Data under study START

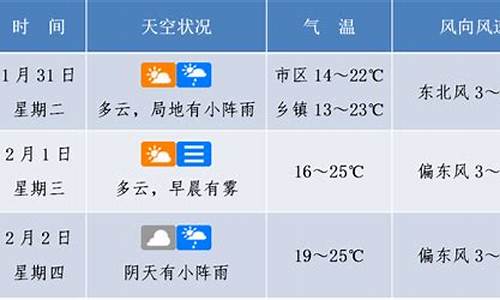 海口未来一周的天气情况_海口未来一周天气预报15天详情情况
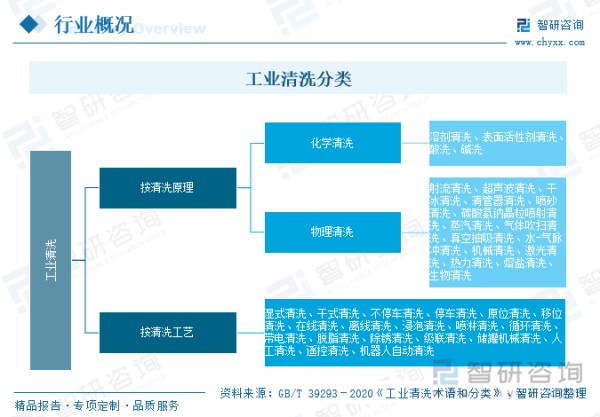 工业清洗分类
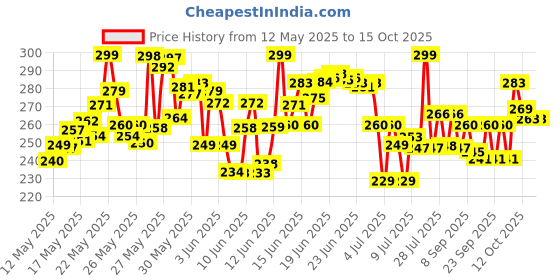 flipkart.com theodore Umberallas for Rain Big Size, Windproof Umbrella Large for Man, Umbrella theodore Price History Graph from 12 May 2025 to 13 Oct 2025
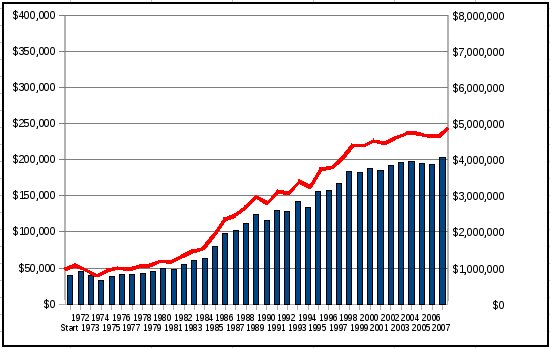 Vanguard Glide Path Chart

Data under study END
Data under study START

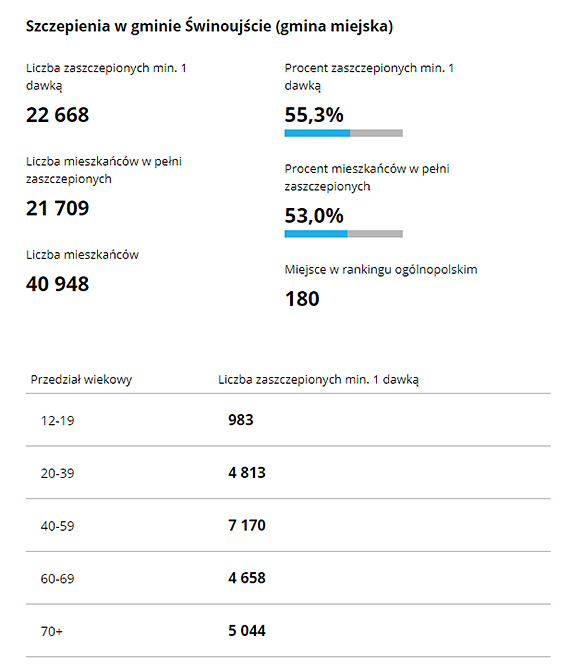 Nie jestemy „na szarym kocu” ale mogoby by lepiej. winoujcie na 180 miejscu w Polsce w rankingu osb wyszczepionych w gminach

Data under study END
Data under study START

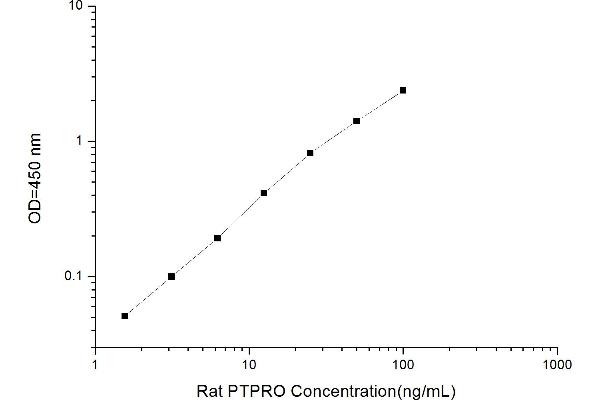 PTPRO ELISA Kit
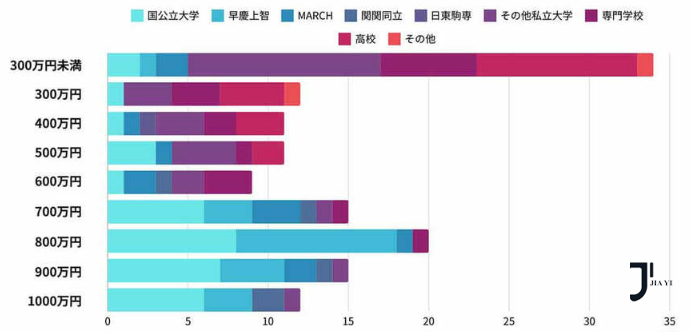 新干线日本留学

Data under study END

- Brief
Only one stretch of the listing above is to be duplicated: the lines from the one containing "海口未来一周的天气情况_海口未来一周天气预报15天详情情况" through the one containing "Vanguard Glide Path Chart", both included. Copy them exactly, minus the pictures.

- Written response
 海口未来一周的天气情况_海口未来一周天气预报15天详情情况
 工业清洗分类
 flipkart.com theodore Umberallas for Rain Big Size, Windproof Umbrella Large for Man, Umbrella theodore Price History Graph from 12 May 2025 to 13 Oct 2025
 Vanguard Glide Path Chart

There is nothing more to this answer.